The defendant did engage in the business of a barber in the town of Hamlet, N.C. within the two years, and plaintiff brought this action to enjoin him from continuing therein. The court held, and so adjudged, that the defendant should not be enjoined if he gave a good and sufficient bond in the sum of $500, upon condition that he pay the plaintiff such damages as he may suffer for the breach of this contract.

The record is silent as to the important fact whether the bond was given by the defendant as required to be done by the order, but it was admitted here that it had been given and that the restraining order was dissolved, and the parties desire the case to be decided on its merits. The plaintiff appealed, and his counsel contended here that he had a legal right to a continuance of the injunction to the final hearing, whether the bond was given or not, and in this we agree with him. Contracts in restraint of trade, like the one we are now considering, were formerly held to be invalid as against public policy, but the more modern doctrine sustains them (434) when the restraint is only partial and reasonable. The test suggested by Chief Justice Tindal in Honer v. Graves, 7 Bing., 743, by which to determine whether the restraint is a reasonable one and valid, is to consider whether it is such only as will afford a fair protection to the interests of the party in favor of whom it is given, and not so large or extensive as to interfere with the interests of the public.

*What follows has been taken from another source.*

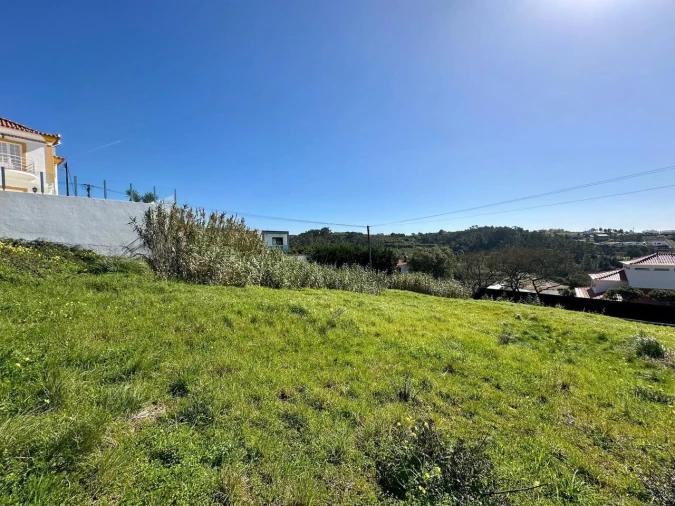 Terreno para Venda em Mafra Foto 12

Without discussing the reasons upon which the rule is based or endeavoring to fix a limit beyond which the parties may not contract, it is sufficient to say that the terms of present agreement are well within the principle under which such contracts are held to be valid. 9 Cyc., 525 to 533; Faust v. Rohr, 166 N.C. 187; Sea Food Co. v. Way, 169 N.C. 679. It was said in Faust v. Rohr, supra, citing King v. Fountain, *484 126 N.C. 196: "The general rule was, and still is, that contracts in restraint of trade and the like are void, on the grounds that they are against public policy, similar to contracts illegal and contra bonos mores. Clark on Contracts, 451-457. This rule has been modified in order to protect the business of convenantee or promise, when it can be done without detriment to the public interest. The reasonableness of such restrain depends in each case on all the circumstances. If it be greater than is required for the protection of the promisee, the agreement is unreasonable and void. If it is a reasonable limit in time and space, the current of decisions is that the agreement is reasonable, and will be upheld."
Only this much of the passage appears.